- _Task statement_
Copy out the lines beginning at the one with "Үйлөрдү сатуу: 4" and ending at the last line of the data, both included; pictures stay out.

··· Dataset extract

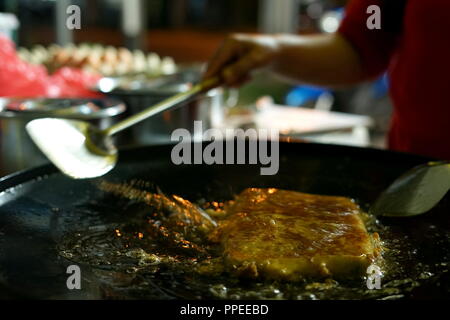 La préparation du vendeur à une cuisine traditionnelle murtabak street bazaar en Indonésie Banque D'Images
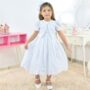 Vestido infantil para batizado de manhã: tecido, conforto e acessórios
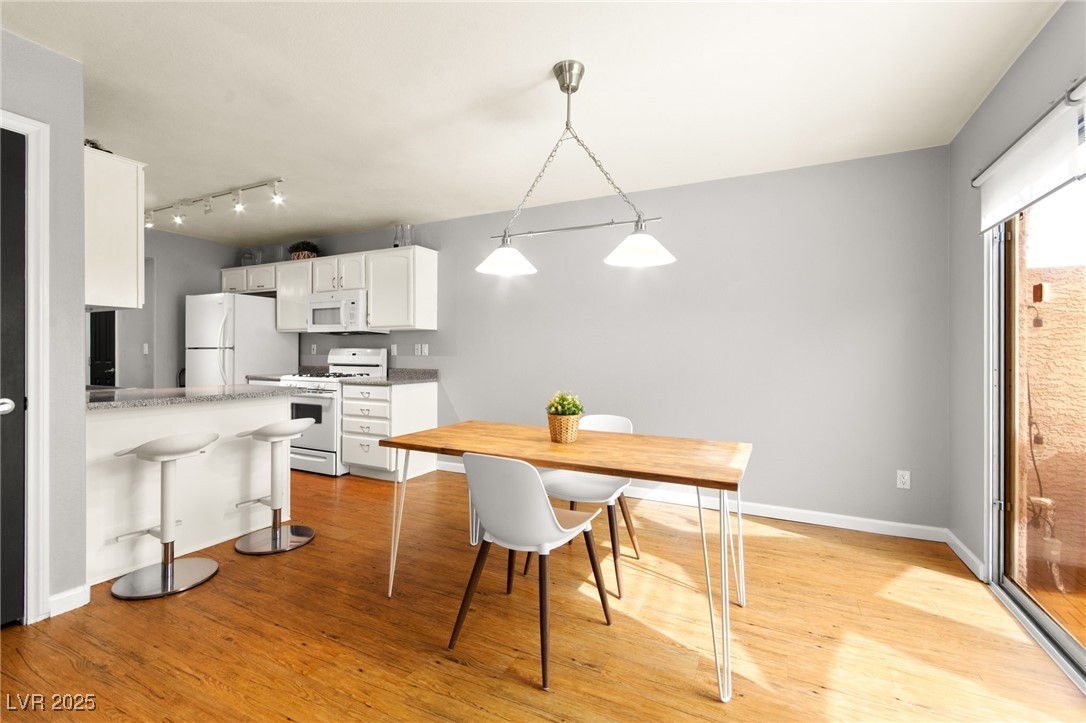 502 Crepes Place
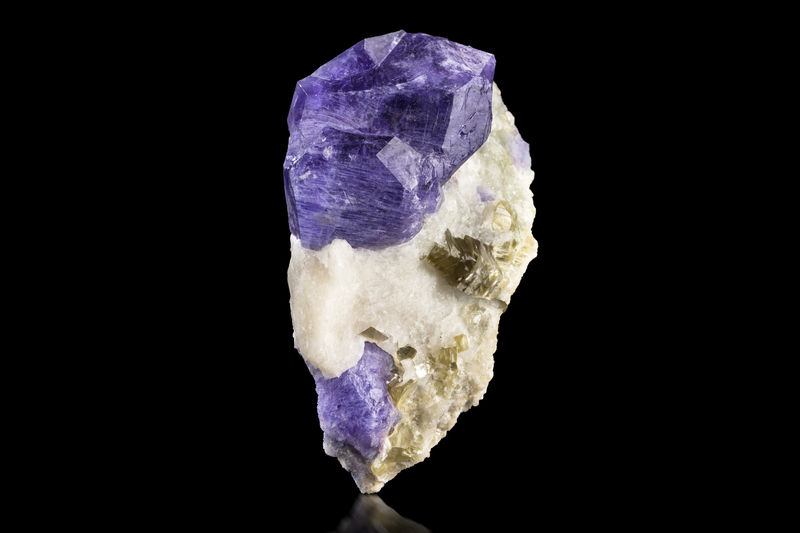 Sodalite-MIM_Museum(2258).jpg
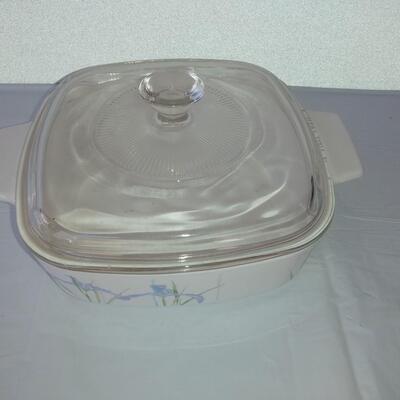 9 Pieces of Vintage Corning Ware 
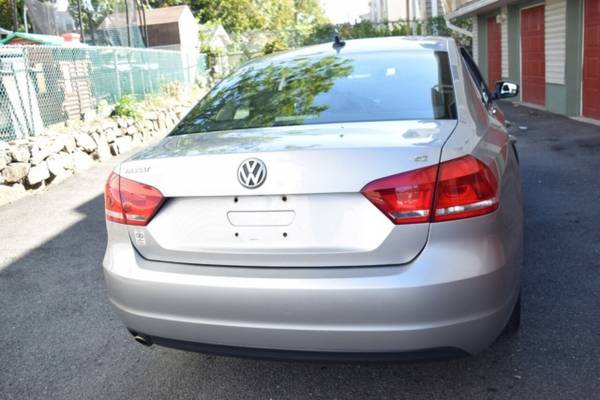 *2013* *Volkswagen* *Passat* *SE PZEV 4dr Sedan 6A* - cars & trucks... for sale in Paterson, PA – photo 18
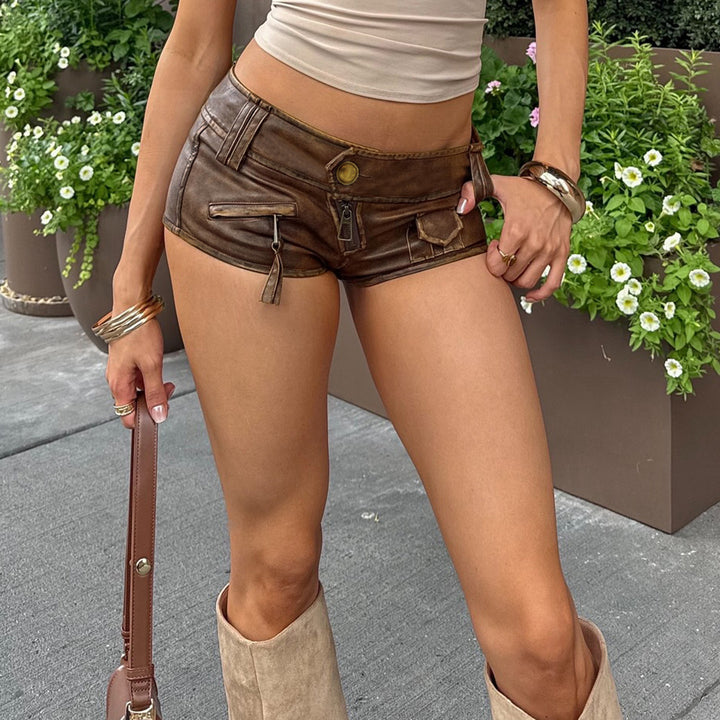 Damen Modische Shorts aus Kunstleder mit praktischen Taschen und dekorativen Reißverschlüssen Echo Archiv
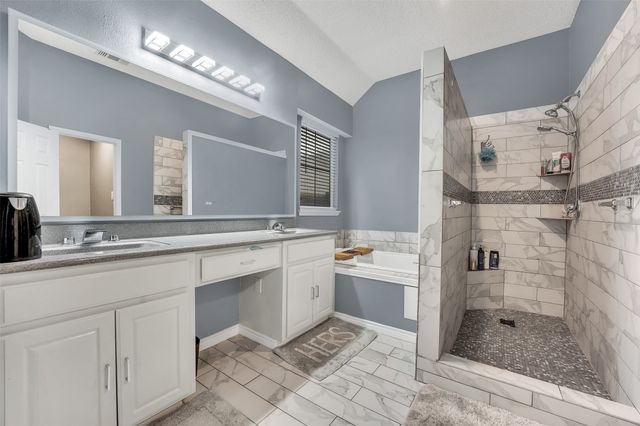 2000 Merritt Way, Arlington, TX 76018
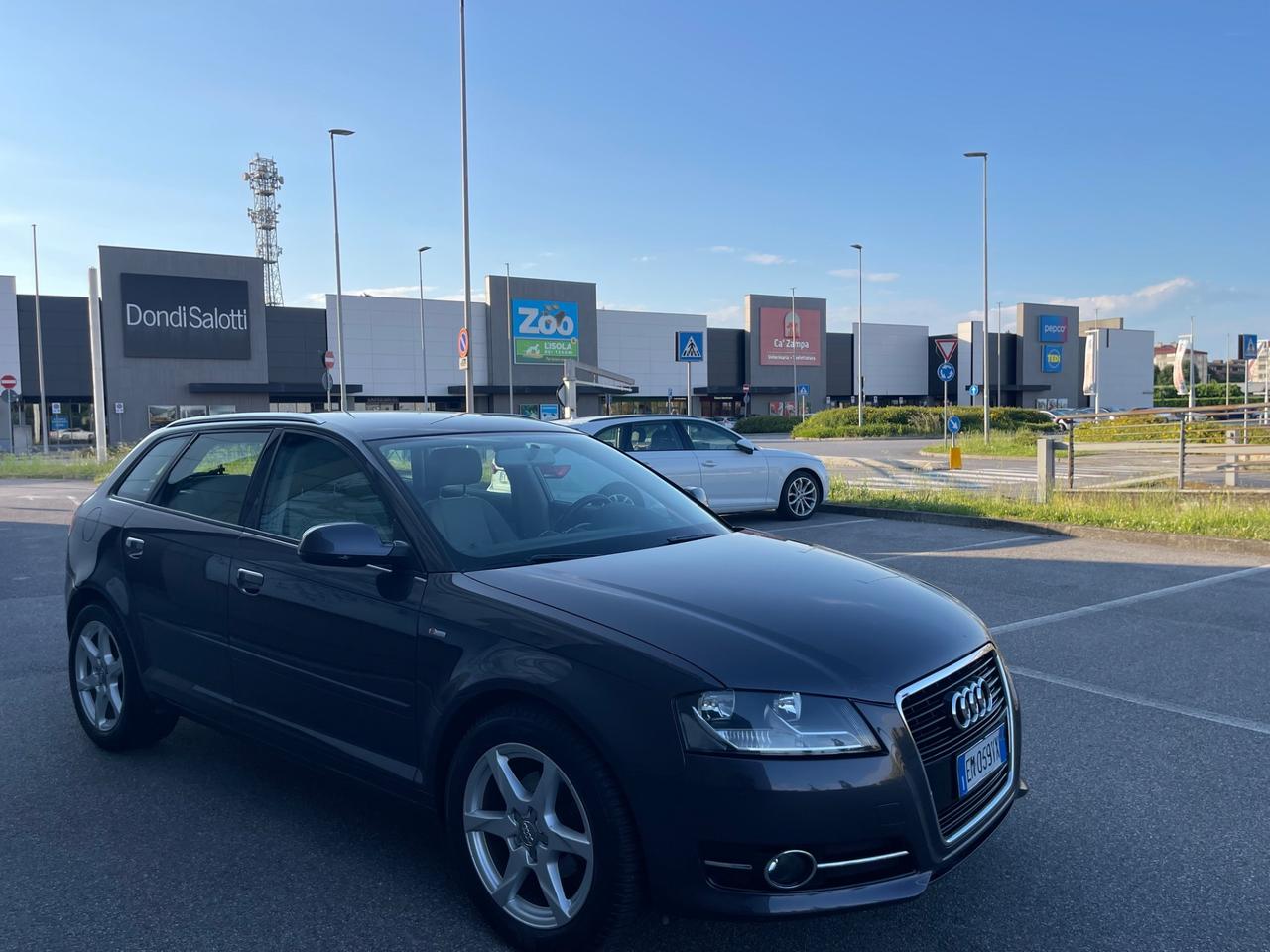 Audi A3 SPB 1.6 TDI 105 CV CR Attraction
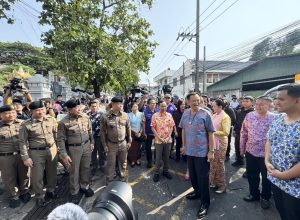 ” ร่วมต้อนรับนายกรัฐมนตรี ในโอกาสเดินทางมาเป็นประธานในพิธีเปิดงานประเพณีสงกรานต์พระประแดง ประจำปี 2569″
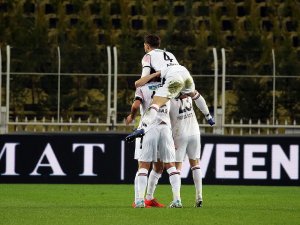 Süper Lig: Fenerbahçe: 1 - Gençlerbirliği: 2 (Maç Sonucu)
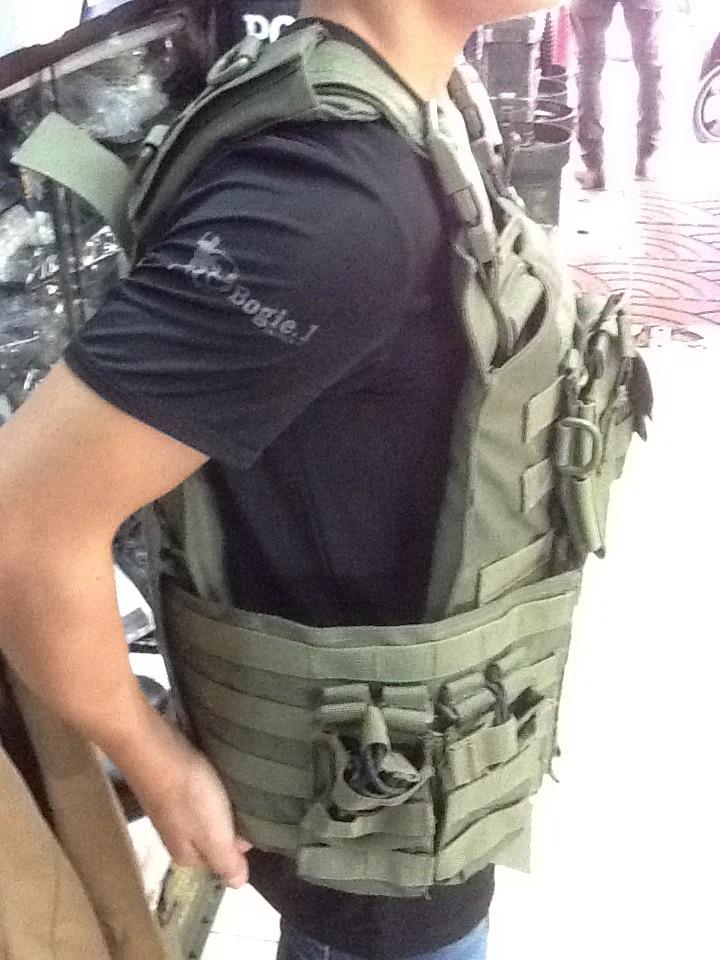 New.เสื้อเกราะ Tactical มาพรัอมอุปกรณ์ใส่แม็กพร้อม สีเขียว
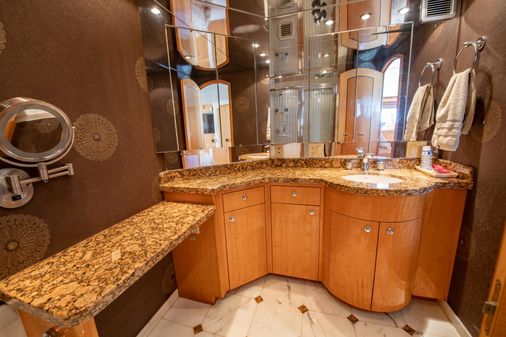 Hatteras 80 Motor Yacht Sky Lounge image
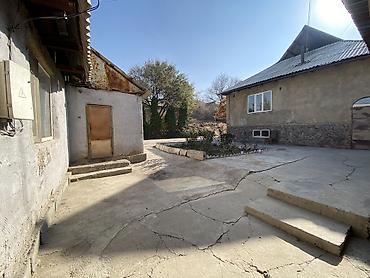 Үйлөрдү сатуу: 4 бөлмө, 100 м², 11 соток, Бишкек, Менчик ээси — 6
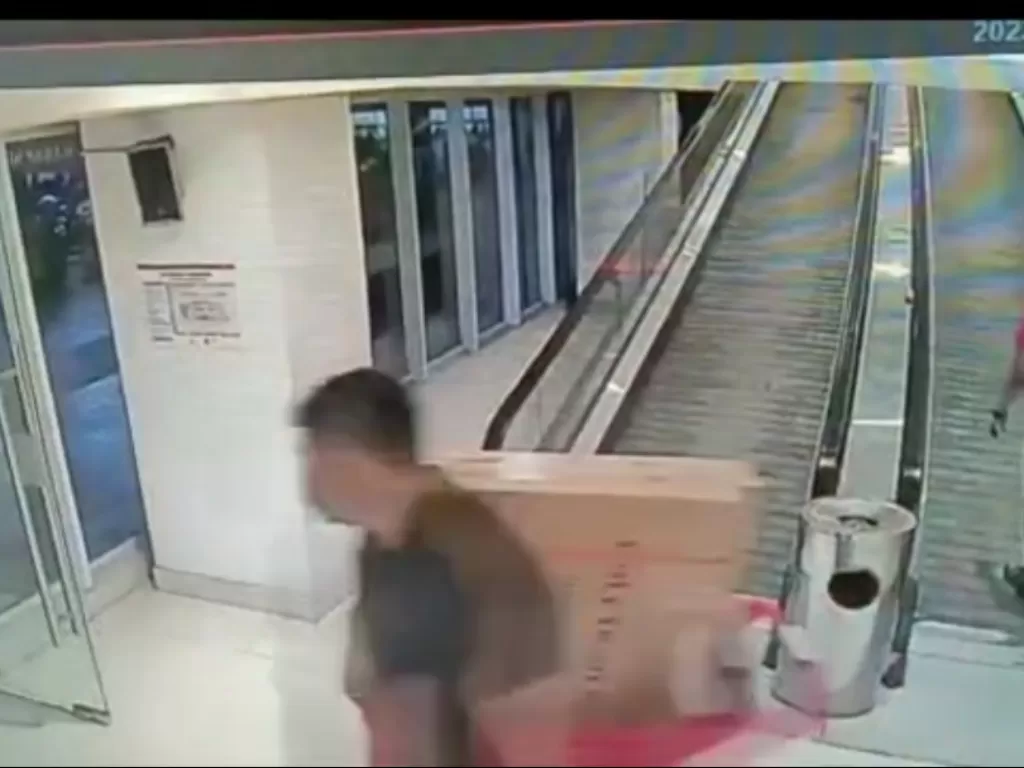 Pencuri TV di mall yang terekam CCTV. (Z Creators/Arka Hatta)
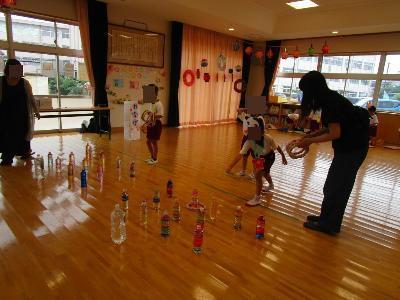 ボウリング遊びをしています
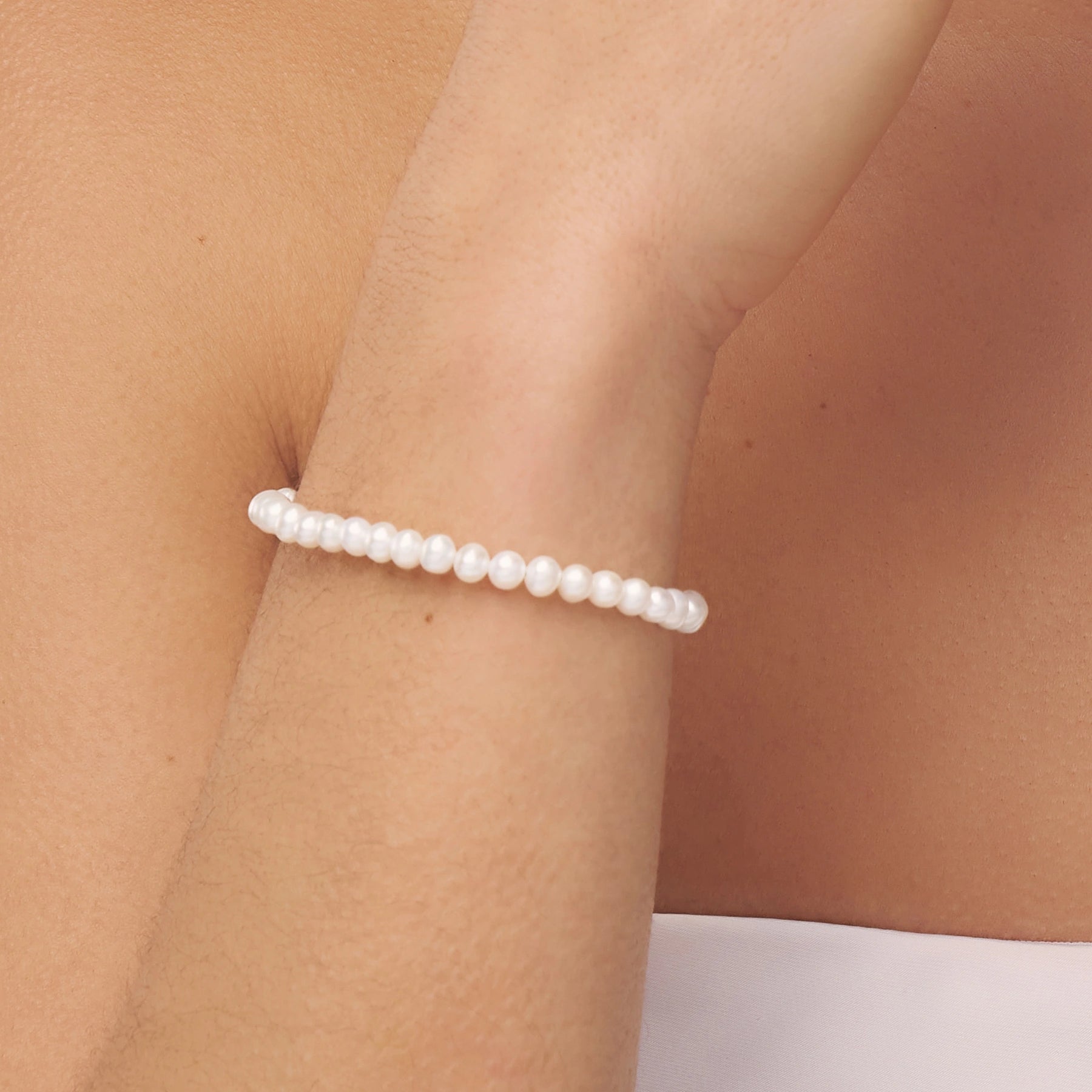 Gold Pearl Bracelet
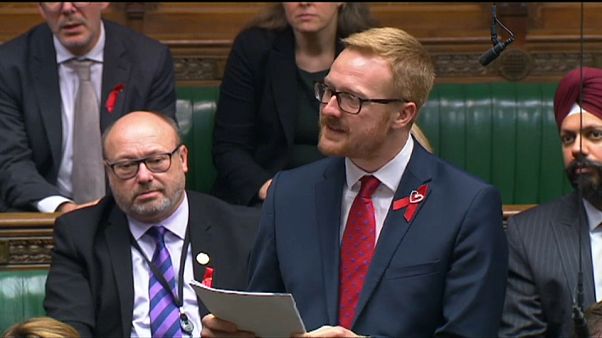Britisches Unterhaus: Abgeordneter enthüllt seinen positiven HIV-Status Britisches Unterhaus: Abgeordneter enthüllt seinen positiven HIV-Status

······

- _Answer area_
 Үйлөрдү сатуу: 4 бөлмө, 100 м², 11 соток, Бишкек, Менчик ээси — 6
 Pencuri TV di mall yang terekam CCTV. (Z Creators/Arka Hatta)
 ボウリング遊びをしています
 Gold Pearl Bracelet
Britisches Unterhaus: Abgeordneter enthüllt seinen positiven HIV-Status Britisches Unterhaus: Abgeordneter enthüllt seinen positiven HIV-Status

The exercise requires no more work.